Autumn seems to have settled breathlessly on the northern part of the United States. These past few weeks, the luscious colors of burgundy, yellow, red, and orange popped from what was once green foliage. We have had days of rain, and overcast clouds. The season failed not to include all it’s wanderlust magic.
Now that we’re inching closer to December, the roads carry the burden of fallen leaves. The trees grow bare; and, the temperatures continue to drop. Time has arrived in Holiday Season.
Halloween is so exciting for most little kids. I have to say, it’s a favorite for many adults, too. Maybe it’s the scare or endless sugar rush that tickles our fancy. Maybe it’s the dressing up, being someone else for a few hours. It could be the excitement of seeing the neighborhood kids, dressed as their favorite characters.

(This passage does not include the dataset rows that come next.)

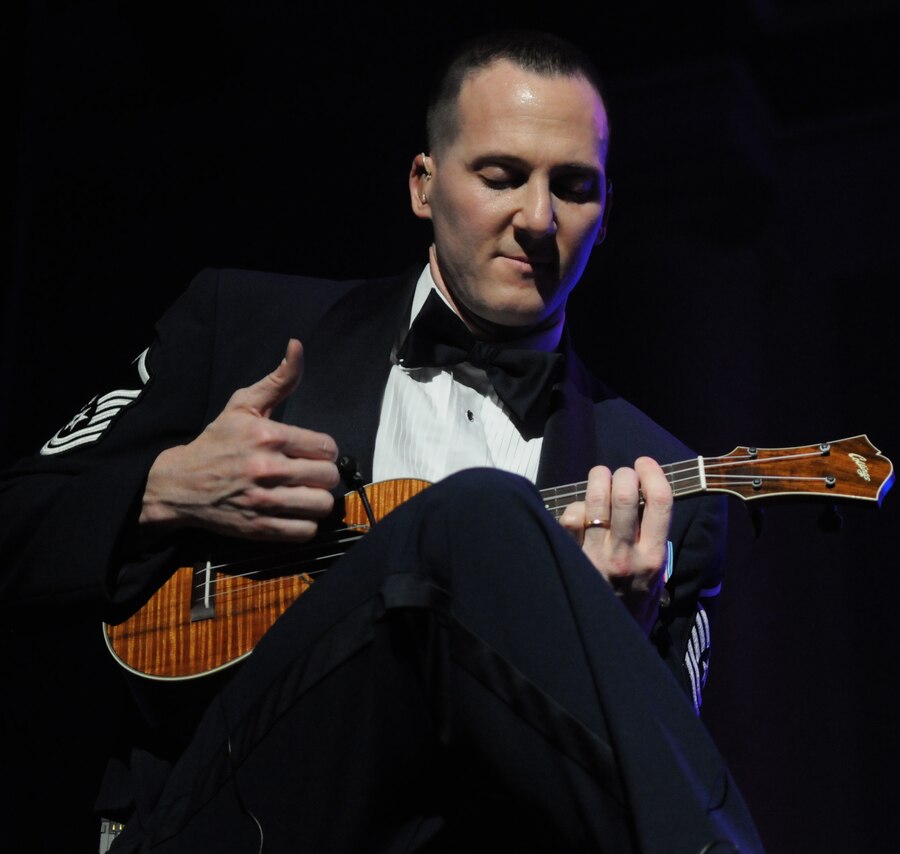 Master Sgt. Matthew Ascione, member of The U.S. Air Force Band, plays the Ukulele Feb. 20 at the DAR Constitution Hall, Washington, D.C. Ensembles Max Impact, Airmen of Note, The Singing Sergeants and The Air Force Strings contribute to The U.S. Air Force Band’s 2011 Guest Artist Series performance. (U.S. Air Force photo by Senior Airman Christopher Ruano)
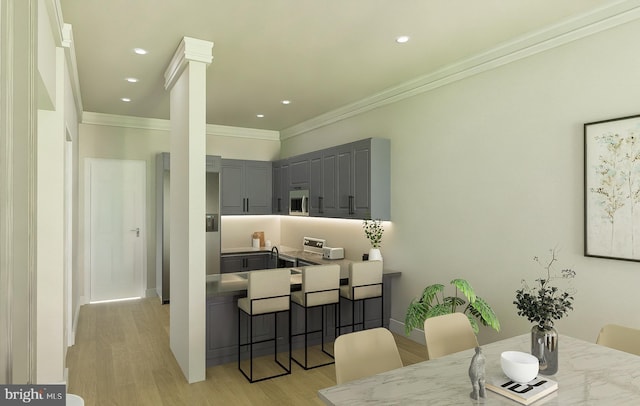 dining area with ornamental molding, decorative columns, and light wood-type flooring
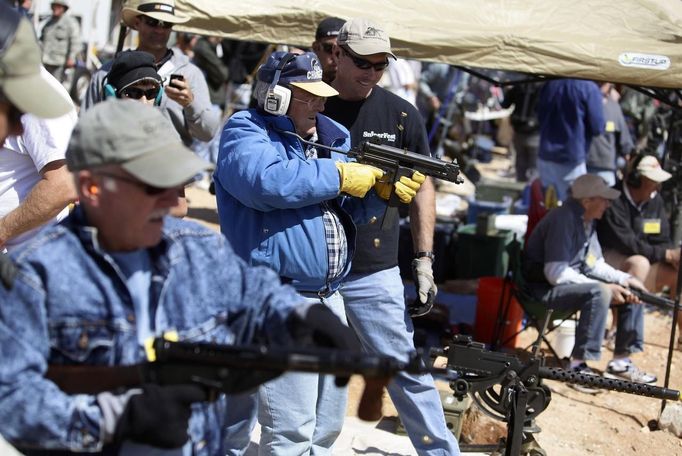 Shooters fire their weapons during the Big Sandy Shoot in Mohave County, Arizona March 23, 2013. The Big Sandy Shoot is the largest organized machine gun shoot in the United States attended by shooters from around the country. Vintage and replica style machine guns and cannons are some of the weapons displayed during the event. Picture taken March 22, 2013. REUTERS/Joshua Lott (UNITED STATES - Tags: SOCIETY) Published: Bře. 25, 2013, 3:35 odp.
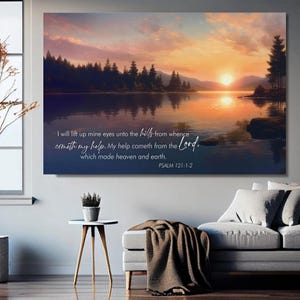 May include: A canvas print depicting a serene lake scene at sunset. The artwork features a vibrant sky with orange and purple hues, reflecting on the water. Text from Psalm 121:1-2 is displayed in white script.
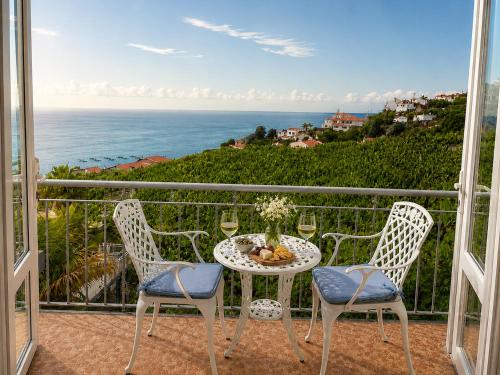 a table and chairs on a balcony with a view of the ocean at Bluegreen in Arco da Calheta
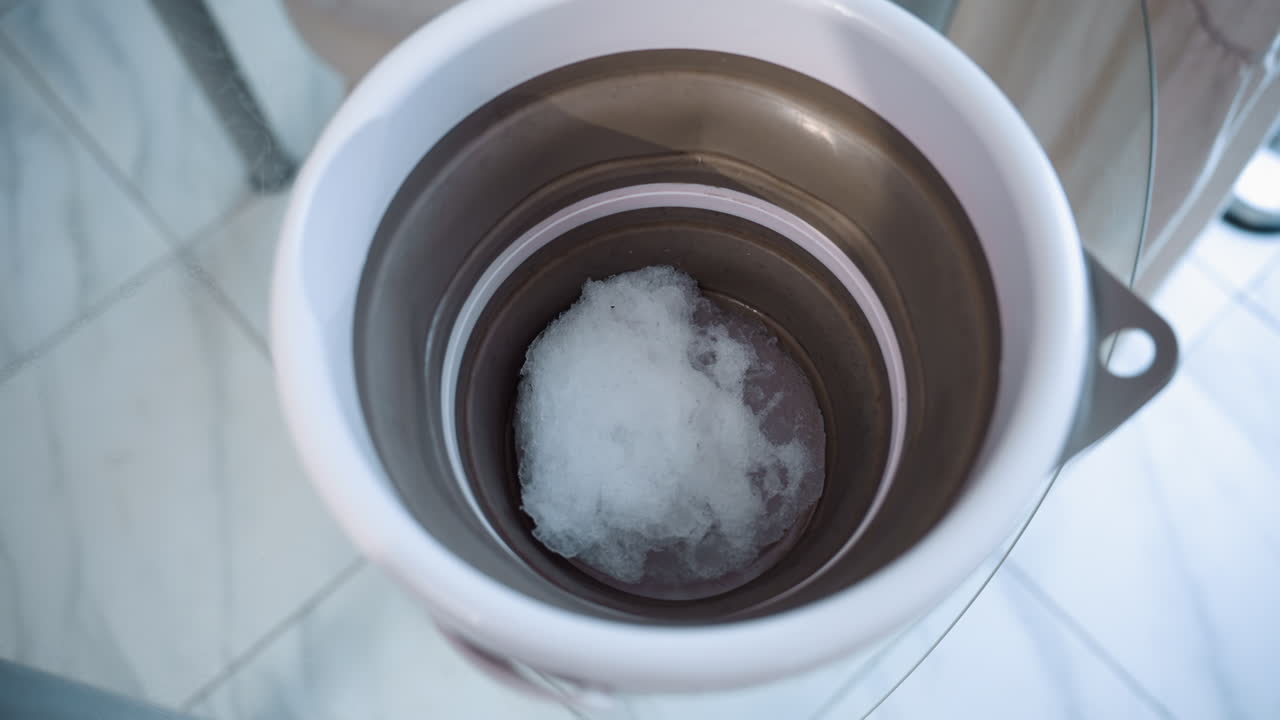 Bucket holding defrosting snow seen from above on plastic topped table under soft light. Blurred setting hints at interior space while delicate slush and moisture glisten inside container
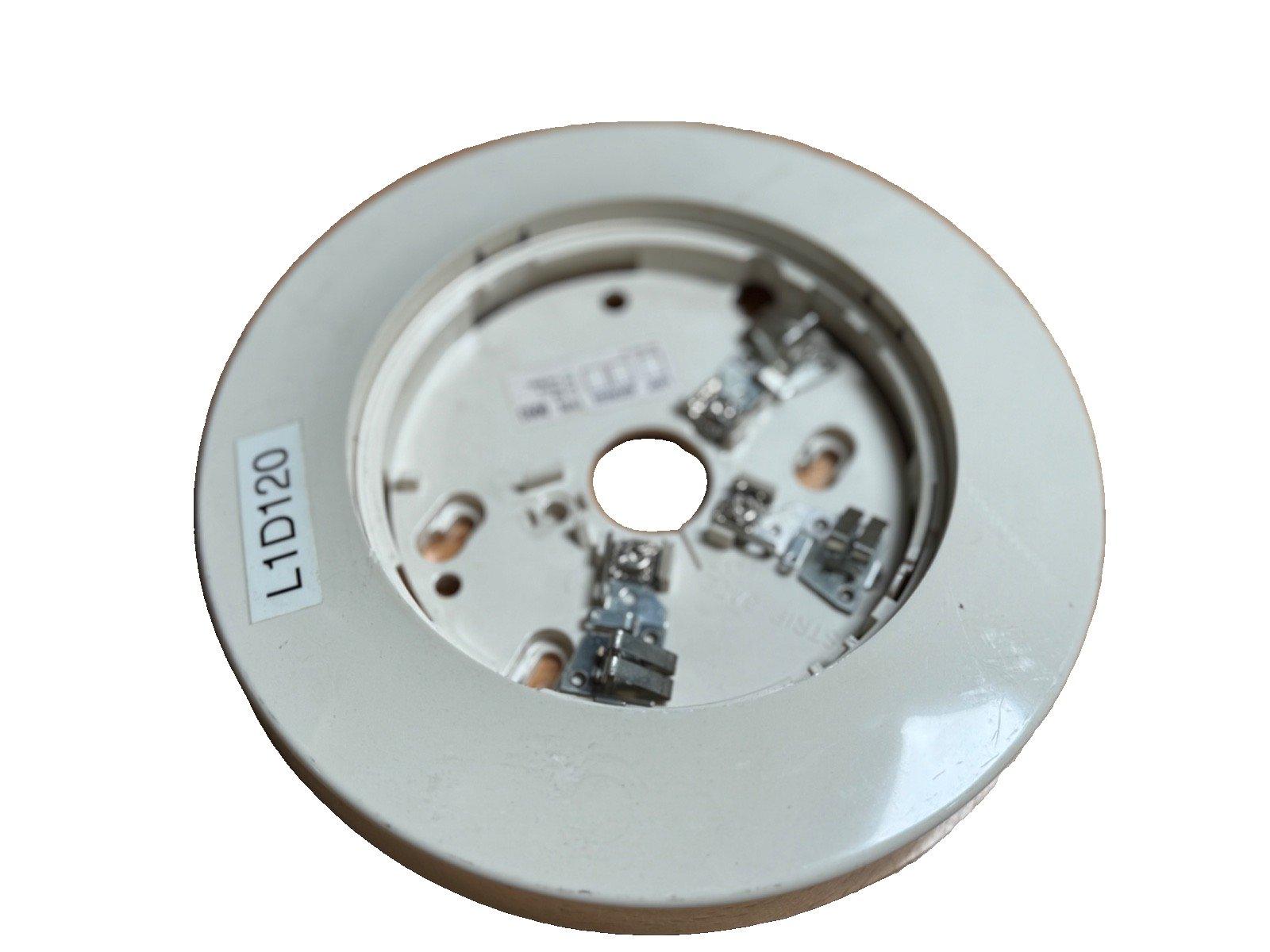 White fire alarm base with L1D120 label, showing internal wiring terminals for fire safety systems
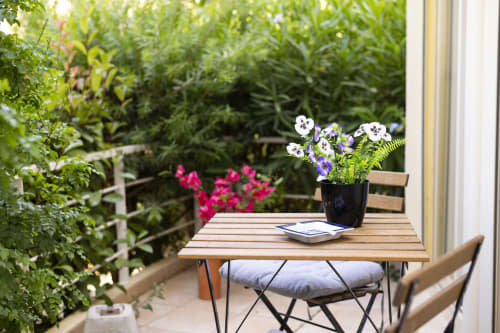 Terrace seating at RB Algarve with potted flowers, lush garden, wooden table and chair with water view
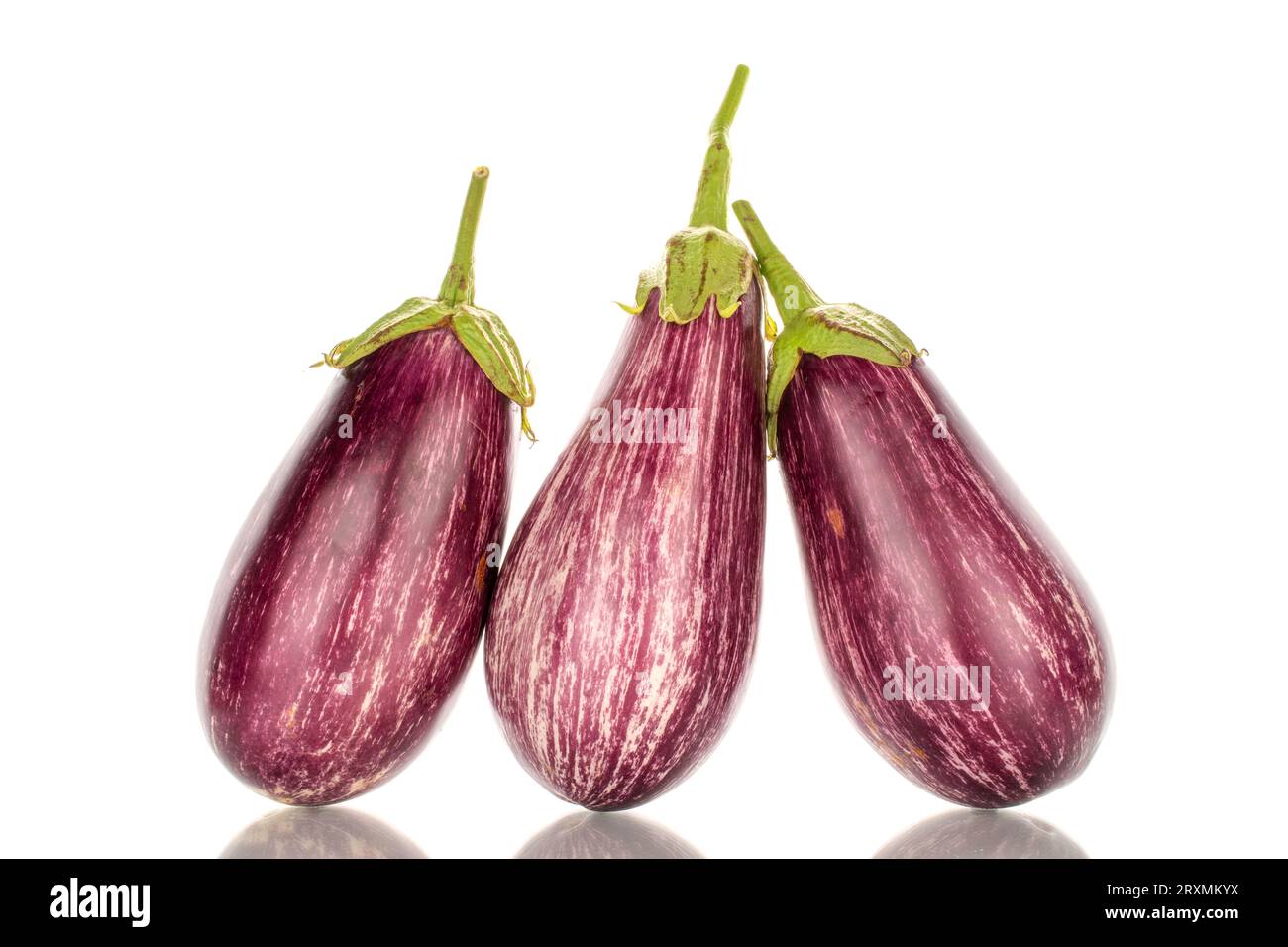 Three organic ripe eggplants, macro, isolated on white background. Stock Photo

There’s so much I love about change. There’s so much I love about the holiday season.. but, it’s also hard.
The sun less frequents the days. The temperatures cause us to remain inside. The children drive us crazy… the holidays are unities of families.
Many of us don’t have a family in which to gather and celebrate. Sometimes, it’s due to the inability to travel.. and sometimes, the family has passed on. For the ones that remain, the complexity of family dynamics often creates turmoil.. all the otherness than what the holidays represent.
This year, I’m feeling the significant waves of the ebb and flow season. I’m sensing when the tide goes out, and I can feel the warmth of the sun. I see the necessity of my choice. I feel the happiness that I was honest with myself..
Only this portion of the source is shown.